Thistledown has lots of paths and information boards for you to explore and learn about the farm and environment. Pieces of land art are dotted around the site and paths wind around the fields and woodland. Take a look at our About pages to see what wildlife, plants and historical features you might be able to find. We often find that guests spend day after day exploring the site and Woodchester Park, and relaxing by their campfires!

You can sometimes join us at feeding time (usually daily, times vary) to help feed the pigs, goats and sheep. We often stock our own meat in the shop, so they can also join you at feeding time! We have kunekune pigs, a breed kept by Maoris in New Zealand. They are a grazing pig, and therefore don’t disturb the ground in the same way that most breeds do. Our sheep are castlemilk moorit (a very hardy Scottish rare breed) crossed with jacobs (a very old rare breed). We also keep pigmy cross goats. Please do not enter the animal paddocks or feed the animals outside feeding times.

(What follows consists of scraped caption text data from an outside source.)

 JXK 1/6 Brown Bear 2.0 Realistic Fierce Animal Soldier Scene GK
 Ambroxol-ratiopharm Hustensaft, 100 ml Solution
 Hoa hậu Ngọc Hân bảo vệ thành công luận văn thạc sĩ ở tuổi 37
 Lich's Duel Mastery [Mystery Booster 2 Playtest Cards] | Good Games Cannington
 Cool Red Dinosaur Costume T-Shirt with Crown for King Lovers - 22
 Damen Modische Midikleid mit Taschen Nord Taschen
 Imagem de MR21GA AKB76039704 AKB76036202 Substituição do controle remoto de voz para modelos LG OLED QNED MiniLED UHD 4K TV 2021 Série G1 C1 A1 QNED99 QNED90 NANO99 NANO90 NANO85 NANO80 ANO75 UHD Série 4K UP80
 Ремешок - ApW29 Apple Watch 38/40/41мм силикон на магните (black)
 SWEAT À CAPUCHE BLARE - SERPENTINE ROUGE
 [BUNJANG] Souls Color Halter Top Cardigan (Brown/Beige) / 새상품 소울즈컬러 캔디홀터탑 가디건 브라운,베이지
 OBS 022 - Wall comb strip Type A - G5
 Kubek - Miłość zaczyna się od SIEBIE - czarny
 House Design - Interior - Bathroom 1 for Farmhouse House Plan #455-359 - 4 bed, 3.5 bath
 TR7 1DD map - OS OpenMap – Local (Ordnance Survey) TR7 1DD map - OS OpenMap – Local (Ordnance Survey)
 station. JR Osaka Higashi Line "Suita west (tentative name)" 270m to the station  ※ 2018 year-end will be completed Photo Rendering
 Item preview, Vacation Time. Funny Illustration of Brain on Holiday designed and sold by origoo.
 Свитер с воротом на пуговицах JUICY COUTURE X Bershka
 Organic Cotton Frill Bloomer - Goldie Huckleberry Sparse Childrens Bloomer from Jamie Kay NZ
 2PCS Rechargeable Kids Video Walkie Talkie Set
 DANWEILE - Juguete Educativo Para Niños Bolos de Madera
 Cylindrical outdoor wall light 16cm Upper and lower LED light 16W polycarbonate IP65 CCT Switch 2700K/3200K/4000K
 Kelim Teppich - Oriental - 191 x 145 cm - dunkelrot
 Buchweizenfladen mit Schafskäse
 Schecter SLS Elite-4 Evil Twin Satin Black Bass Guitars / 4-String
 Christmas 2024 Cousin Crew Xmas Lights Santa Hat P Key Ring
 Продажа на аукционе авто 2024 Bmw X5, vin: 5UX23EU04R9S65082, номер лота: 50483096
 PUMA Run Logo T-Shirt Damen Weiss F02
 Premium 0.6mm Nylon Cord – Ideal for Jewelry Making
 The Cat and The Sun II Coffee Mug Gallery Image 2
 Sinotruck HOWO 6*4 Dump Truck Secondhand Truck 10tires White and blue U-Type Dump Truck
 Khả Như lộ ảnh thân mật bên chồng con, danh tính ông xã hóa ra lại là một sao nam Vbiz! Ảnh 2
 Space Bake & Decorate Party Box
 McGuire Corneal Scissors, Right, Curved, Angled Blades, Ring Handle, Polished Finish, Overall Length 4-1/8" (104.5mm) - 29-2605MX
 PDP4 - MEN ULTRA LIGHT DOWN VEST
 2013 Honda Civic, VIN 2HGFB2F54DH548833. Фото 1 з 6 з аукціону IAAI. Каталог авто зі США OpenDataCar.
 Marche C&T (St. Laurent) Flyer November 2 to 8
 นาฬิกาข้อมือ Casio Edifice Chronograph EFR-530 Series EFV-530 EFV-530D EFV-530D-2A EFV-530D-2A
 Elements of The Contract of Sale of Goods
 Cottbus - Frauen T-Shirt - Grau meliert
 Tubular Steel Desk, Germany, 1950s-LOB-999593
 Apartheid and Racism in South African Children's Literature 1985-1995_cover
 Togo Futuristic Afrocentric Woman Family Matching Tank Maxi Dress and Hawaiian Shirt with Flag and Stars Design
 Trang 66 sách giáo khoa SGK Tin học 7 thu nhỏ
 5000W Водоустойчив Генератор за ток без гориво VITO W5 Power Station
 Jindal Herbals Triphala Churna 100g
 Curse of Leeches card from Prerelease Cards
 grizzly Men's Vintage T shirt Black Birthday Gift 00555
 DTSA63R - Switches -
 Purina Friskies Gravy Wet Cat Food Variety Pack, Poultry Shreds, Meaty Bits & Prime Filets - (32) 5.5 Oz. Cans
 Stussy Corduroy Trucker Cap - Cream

The camping areas are located in the uninhabited Woodchester valley which has very little light pollution, so star gazing is great on a clear night. Meteor showers are often stunning; this Meteor Calendar will show you whether there is anything to look out for during your stay. We believe that camping isn’t complete without a campfire, and cooking over one is a fun and delicious way to spend your time! Our Campfires & Cooking page contains tips and basic recipes. We now have a farm shop selling more than just food, so pop in for a look. We will be doing pizza evenings in 2014, and also hope to set up a basic café.  Please check our Café & Clay Oven page for updates.

Facilities

Our lower pastures have composting toilets, hot showers and hot washing-up sinks. Composting toilets have been used for millennia as a very efficient way of creating a resource from a waste product, without energy or water consumption. The average family toilet uses a staggering 100,000 litres of water every year, which must be taken away, treated and purchased again: a costly and environmentally unsound cycle. Compost toilets require no water whatsoever (except a very minimal amount for cleaning), and after a couple of years you have manure for free! Compost toilets are therefore ideal in drought-prone areas, or places without access to sewage networks. They are becoming increasingly popular in homes, offices and schools, and they are now installed by public authorities in Sweden and the United States. Given that in industrialised countries the flush toilet accounts for over 30% of all domestic water use, the potential saving is enormous!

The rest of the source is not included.